Kırık bank hâlen yerinde duruyor mu bilmiyoruz. Belki de çevre düzenlemesinde yerine yenisini yerleştirmişlerdir. “Kim kırdı, neden kırdı, nasıl ve ne zaman kırıldı?” gibi soruların cevaplarından sıyrılıp varlık deryasında daha müspet bir yere konumlandığını ifade edebiliriz. Yaşam yolunun bir kesitinde geleceğe hazırlanan üniversite öğrencileri için sadece oturmaya yarayan bir eşya olmadığını, bilakis yoldaki işaretlerden biri olduğunu hissettirdi. Eşya ne kadar yer ve biçim değiştirmeye müsaitse insan da aynı şekilde yer ve biçim değiştirmeye müsait. Tabiatın cilvesidir bu. Tek farkla ki insan bu değişimi, özne-nesne ilişkisini, sahip olduğu yetenek ve enerjiyle aslına uygun kılabilir. Varlık aynasına dikkatle bakıp adalet ve merhametin birbirini tamamlayan iki ilahi lütuf olduğunu kavrayarak değişimi manevi bir olgunluğa çevirebilir. Bazen kırılmak iyileşmek veya daha iyi olmak için bir fırsattır. Öyle ya, hareket sükûnla sükûn da hareketle anlam kazanır. Varlığın iyileşme yazgısı hiç bitmez. Sen bütün kırıklıklarını tedavi etmiş olabilirsin.
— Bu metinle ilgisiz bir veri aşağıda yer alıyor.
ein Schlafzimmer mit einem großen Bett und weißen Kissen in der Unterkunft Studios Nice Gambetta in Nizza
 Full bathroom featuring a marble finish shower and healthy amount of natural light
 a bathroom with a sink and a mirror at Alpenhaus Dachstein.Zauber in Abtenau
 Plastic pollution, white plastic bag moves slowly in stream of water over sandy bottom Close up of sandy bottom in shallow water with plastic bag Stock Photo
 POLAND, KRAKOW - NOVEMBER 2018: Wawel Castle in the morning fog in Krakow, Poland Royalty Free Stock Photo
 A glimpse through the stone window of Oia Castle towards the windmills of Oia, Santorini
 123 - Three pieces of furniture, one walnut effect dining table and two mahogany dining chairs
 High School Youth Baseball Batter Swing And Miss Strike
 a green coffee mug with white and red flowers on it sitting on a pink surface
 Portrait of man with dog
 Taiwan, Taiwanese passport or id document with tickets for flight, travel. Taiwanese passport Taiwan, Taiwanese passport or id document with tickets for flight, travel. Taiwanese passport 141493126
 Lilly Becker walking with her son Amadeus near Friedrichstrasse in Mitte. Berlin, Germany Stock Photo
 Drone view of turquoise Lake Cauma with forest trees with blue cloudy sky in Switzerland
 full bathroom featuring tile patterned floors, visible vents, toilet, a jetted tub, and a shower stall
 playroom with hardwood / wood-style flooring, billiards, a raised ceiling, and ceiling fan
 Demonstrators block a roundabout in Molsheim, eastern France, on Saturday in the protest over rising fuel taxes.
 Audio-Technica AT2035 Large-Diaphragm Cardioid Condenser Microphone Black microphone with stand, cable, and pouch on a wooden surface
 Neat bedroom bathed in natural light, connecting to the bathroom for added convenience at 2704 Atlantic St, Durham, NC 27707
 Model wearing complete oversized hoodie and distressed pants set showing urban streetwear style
Hem de kırılan bir eşyayı fark edebilecek kadar iyisindir. Çünkü karamsarlığın girdabına kapılmadın. Varlığa rahmet nazarıyla baktın. Artık içinde çok yüce bir enerji var. Ömür boyunca hayattaki bütün yaraları sarabilir, dertlere deva olabilirsin. Sardıkça, çare oldukça ruhun, ufkun ve yolun genişleyecek. Eşyayı rahmet kılan Hak yolunu açık etsin.